### EXERCISE DIRECTIONS
In this exercise, restate the listing word for word.

### RECORDS FOR THIS TASK

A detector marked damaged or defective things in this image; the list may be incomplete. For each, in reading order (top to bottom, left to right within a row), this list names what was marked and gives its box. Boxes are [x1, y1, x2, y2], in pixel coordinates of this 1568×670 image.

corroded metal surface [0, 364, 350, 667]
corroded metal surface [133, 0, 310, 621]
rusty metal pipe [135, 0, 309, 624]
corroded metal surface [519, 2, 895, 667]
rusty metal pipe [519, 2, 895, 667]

### SOLUTION TO THIS TASK
A detector marked damaged or defective things in this image; the list may be incomplete. For each, in reading order (top to bottom, left to right within a row), this list names what was marked and gives its box. Boxes are [x1, y1, x2, y2], in pixel coordinates of this 1568×670 image.

corroded metal surface [0, 364, 350, 667]
corroded metal surface [133, 0, 310, 621]
rusty metal pipe [135, 0, 309, 624]
corroded metal surface [519, 2, 895, 667]
rusty metal pipe [519, 2, 895, 667]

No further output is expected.